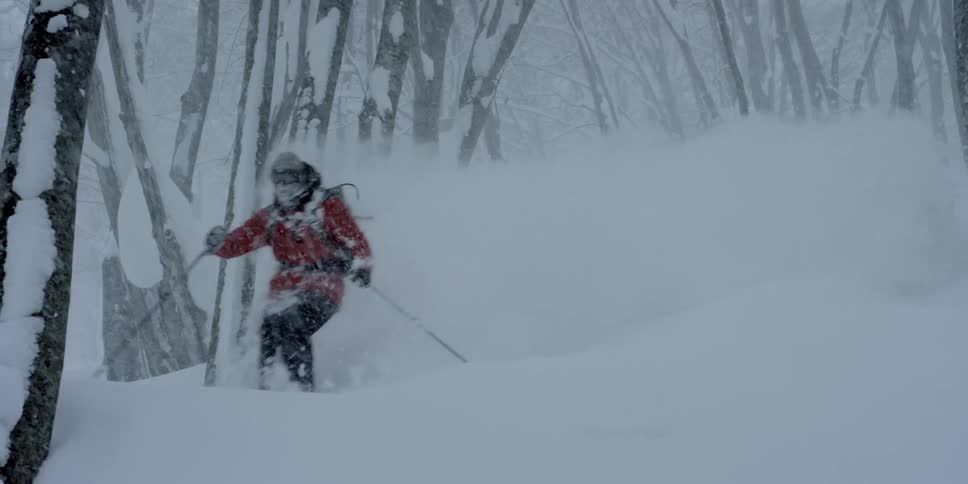 A person skiing down a snowy slope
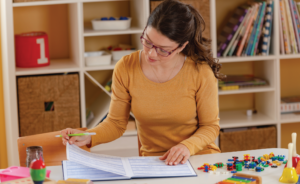 Teacher in a colorful classroom reviewing a lesson planner surrounded by learning tools and toys.
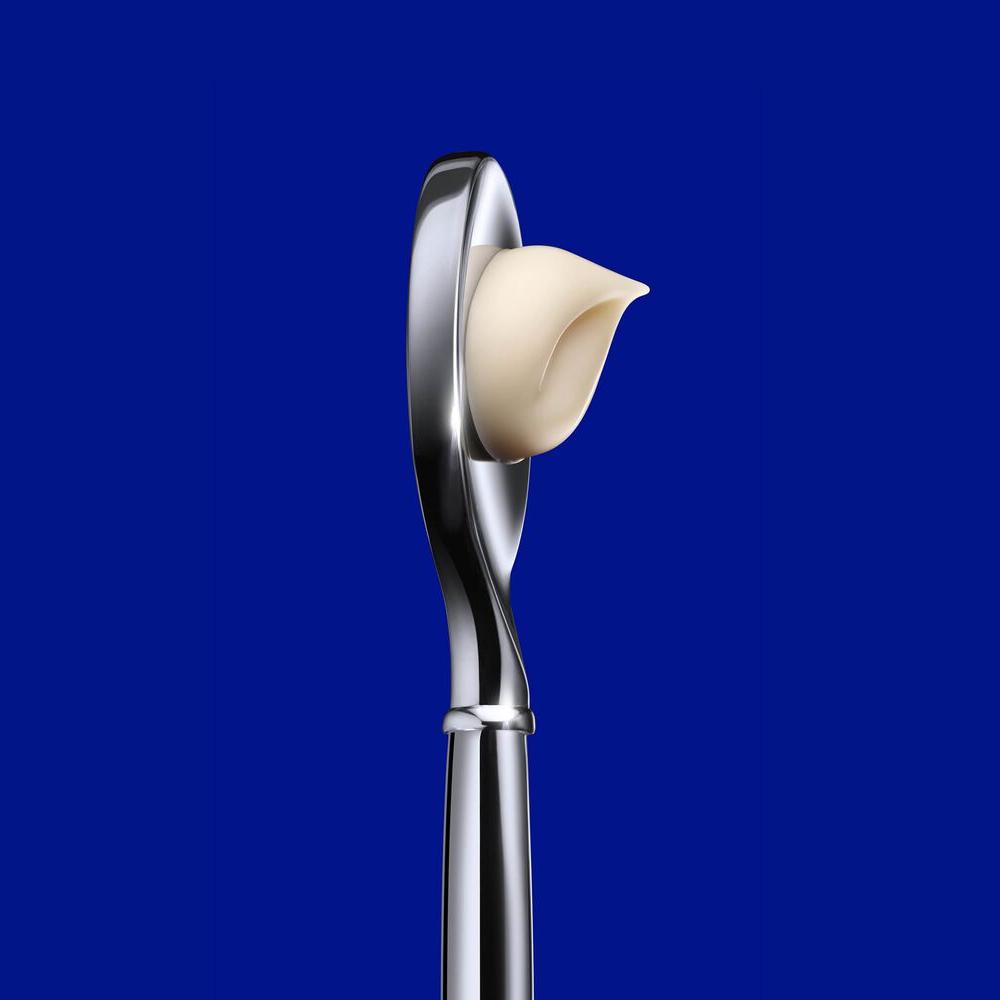 Close-up of La Prairie Skin Caviar Luxe Cream with its elegant applicator. This premium anti-aging cream is infused with caviar extract and micro-nutrients to rejuvenate and firm the skin, offering a luxurious skincare experience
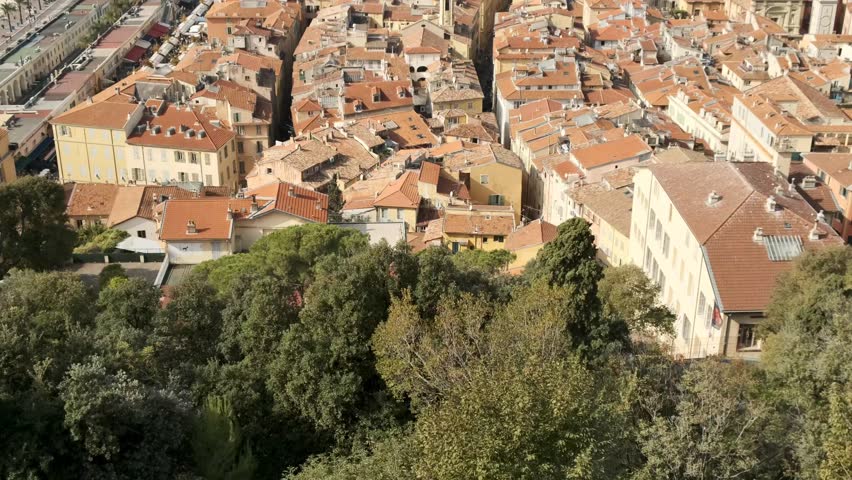 Discover the stunning red rooftops and narrow streets of Nice's historic Old Town from above. A breathtaking aerial view of the French Riviera's architectural charm.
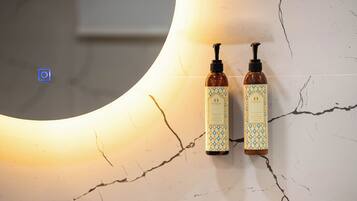 Two bottles of Eight Contients body lotion and hand wash on a cracked white surface.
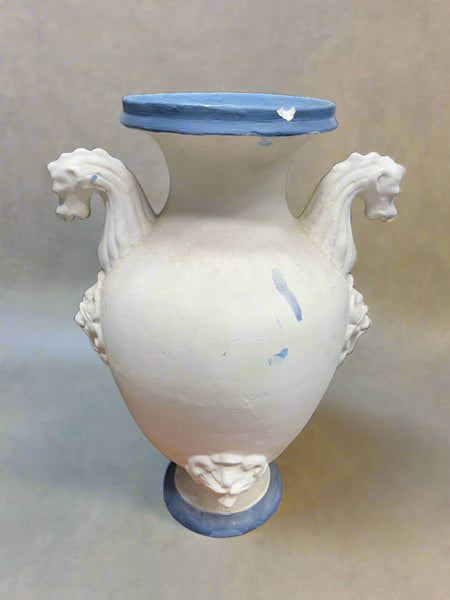 Grecian style blue and white decorative ceramic vase with seahorse-shaped handles.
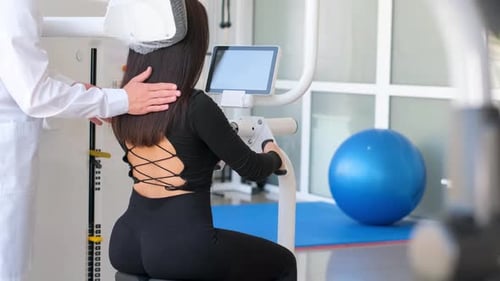 Patient Using Medical Exercise Equipment with Assistant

- - -

» **Work request**
Please repeat exactly the lines from the one containing "Two bottles of" through the end of the entries, both included, omitting pictures.

» **Result of this exercise**
 Two bottles of Eight Contients body lotion and hand wash on a cracked white surface.
 Grecian style blue and white decorative ceramic vase with seahorse-shaped handles.
 Patient Using Medical Exercise Equipment with Assistant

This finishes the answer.